Ceritakan Semuanya pada Kucing

Kartini F. Astuti
Chapter #35

Tak Bisa Bicara Apa-Apa

Luna tidak benar-benar tidur malam itu. Matanya terbuka, tapi tidak melihat apa-apa. Di kepalanya, suara-suara lama kembali datang. Bukan suara orang lain. Tapi suaranya sendiri.

Aku merusak semuanya.

Tangannya gemetar saat memegang benda-benda di kamar. Semua terasa seperti ‘kesalahan’ yang bisa disentuh. Radio. Lemari. Cermin buram. Buku-buku. Luna menarik tangannya lagi, tidak jadi menyentuh benda-benda itu. Ia berdiri. Lalu duduk lagi. Lalu berdiri lagi, seakan tubuhnya tidak sepakat dengan pikirannya.

Tidak semuanya harus diceritakan. Seharusnya, aku tahu dari dulu.

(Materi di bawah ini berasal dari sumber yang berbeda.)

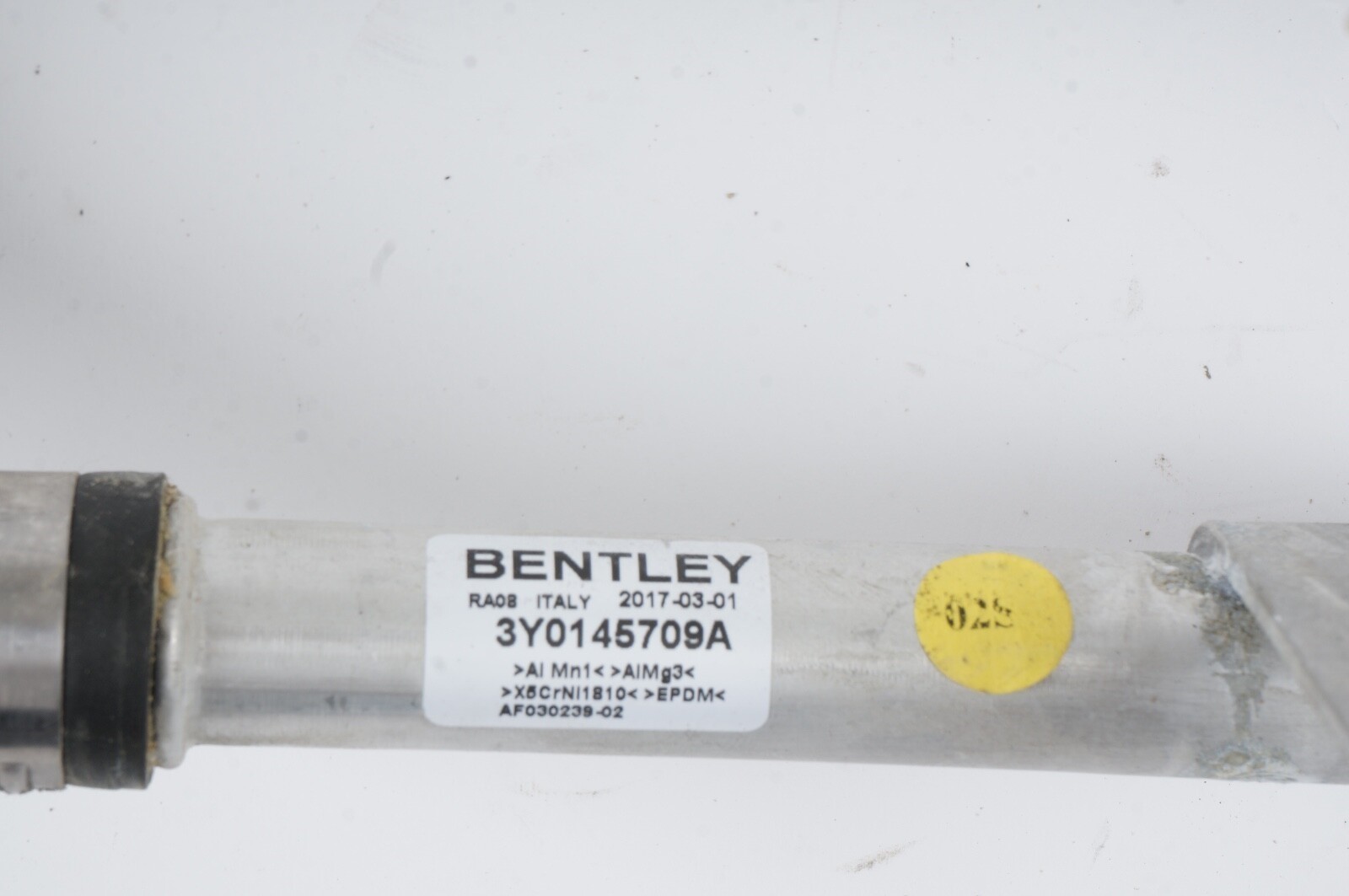 2010 - 2020 Bentley Mulsanne Engine Motor Coolant Hose Pipe Line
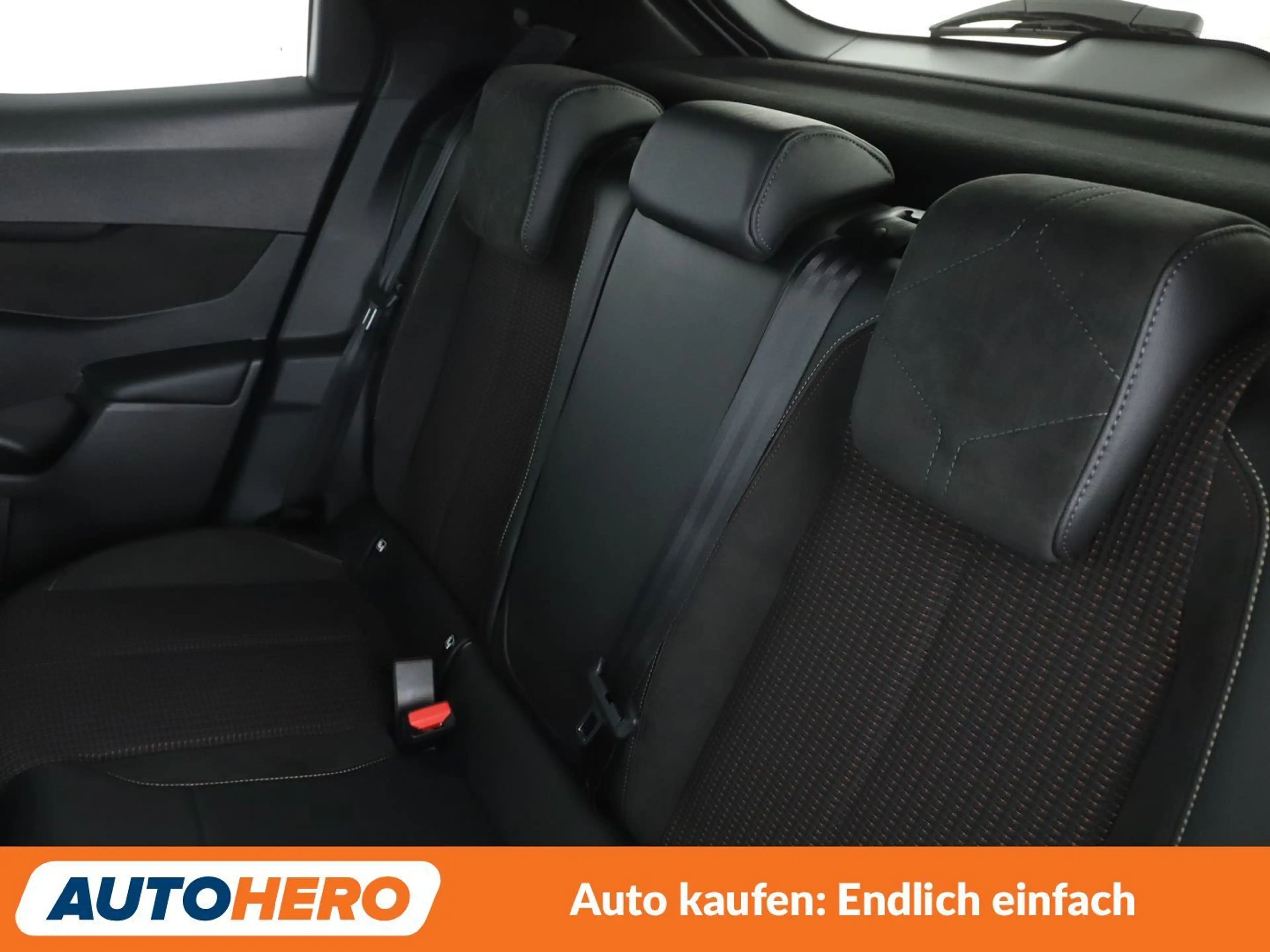 DS Automobiles DS 3 Crossback 1.5 Blue-HDi Performance Line Plus Aut.*NAVI*LED* — photo 14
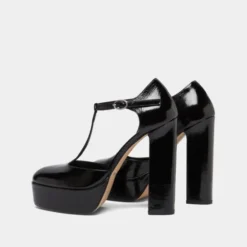 Salomés à talons hauts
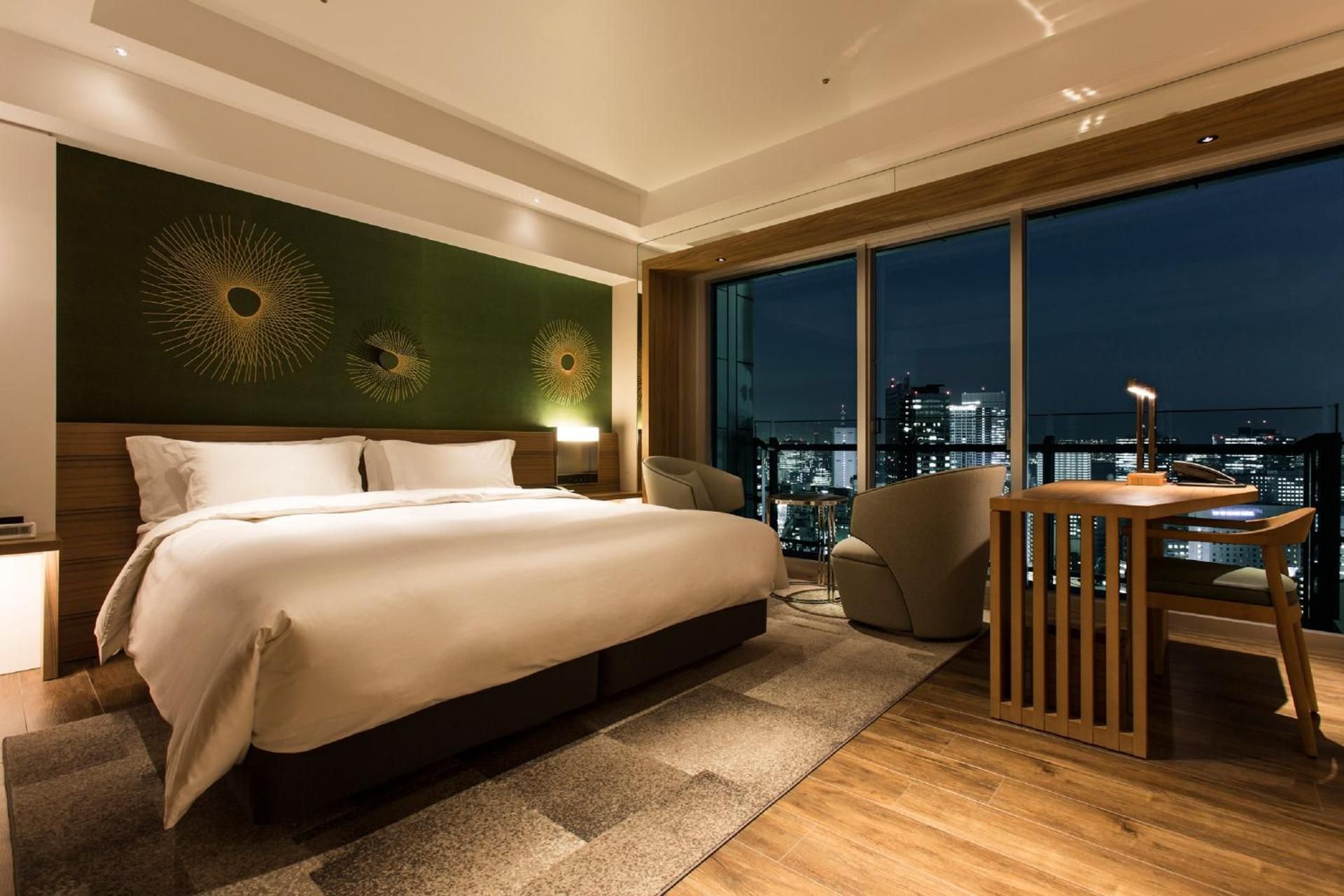 Club King Room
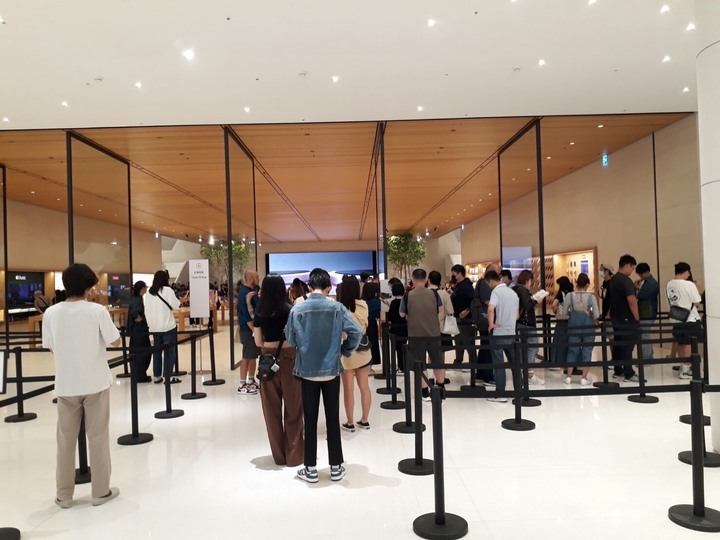 昨天官網刷到現貨 今天去蘋果店取了 直接畢業鈦原色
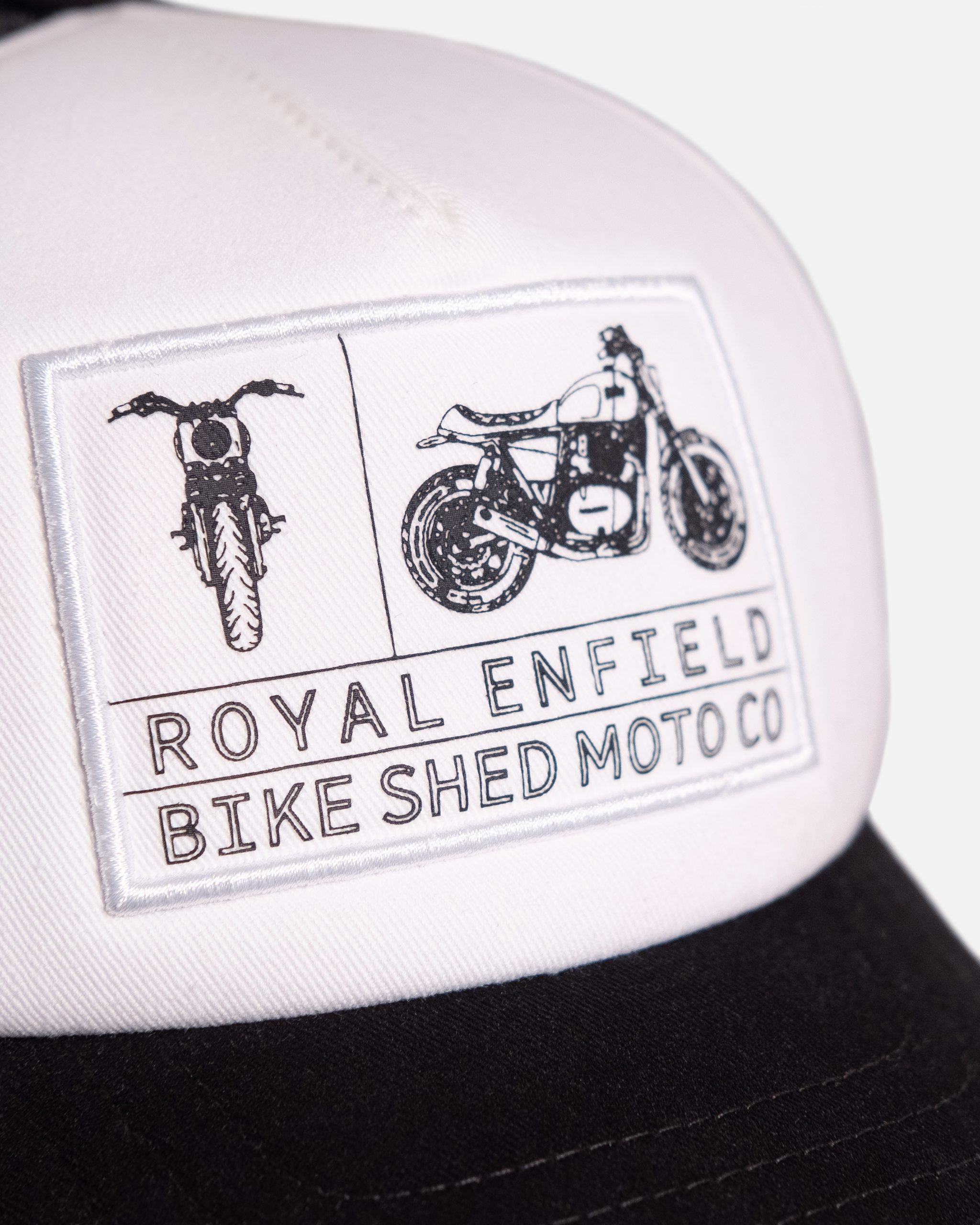 ROYAL ENFIELD CAP BLK WHT 2 scaled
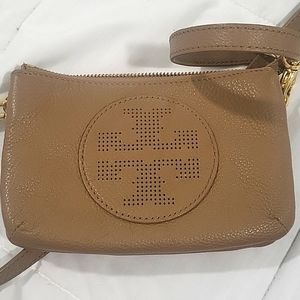TORY BURCH PERFORATED LOGO CROSSBODY - TAN LEATHER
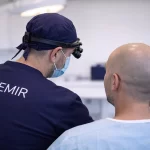 Най-добрият лекар за присаждане на коса д-р Демир с пациент след процедура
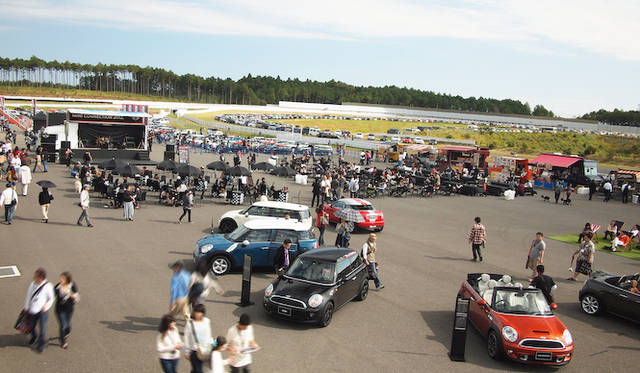 <strong>MINI Connection 2012｜ミニ コネクション 2012</strong>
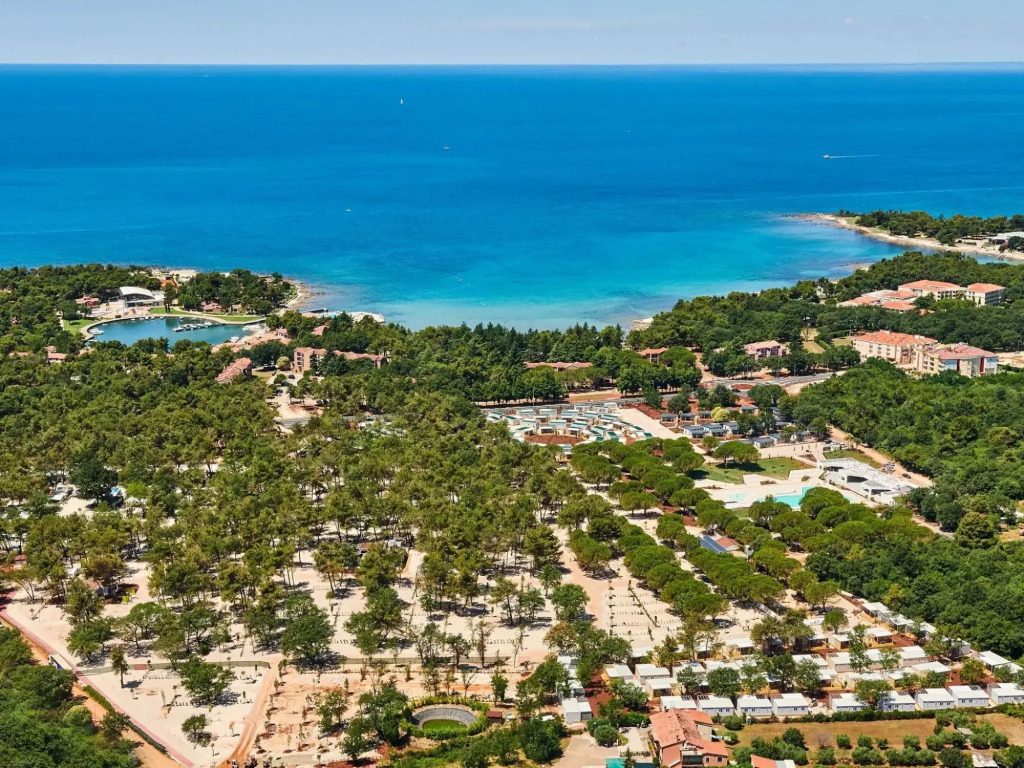 Nice chalet with 2 bathrooms and a dishwasher, 2km from Umag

Seharusnya, pria baik itu dikirimi ribuan bunga saat meninggal dunia.

Luna menutup telinga. Tapi dia sudah tidak sanggup mempersenjatai diri. Hanya bisa mengulang dan menggumamkan kalimat-kalimat yang familiar di kepalanya.

Di lantai, ada satu kaos kaki yang tidak ada pasangannya. Luna memandanginya cukup lama. Entah kenapa benda itu terasa seperti metafora, tapi dia terlalu lelah untuk memikirkan metafora apa.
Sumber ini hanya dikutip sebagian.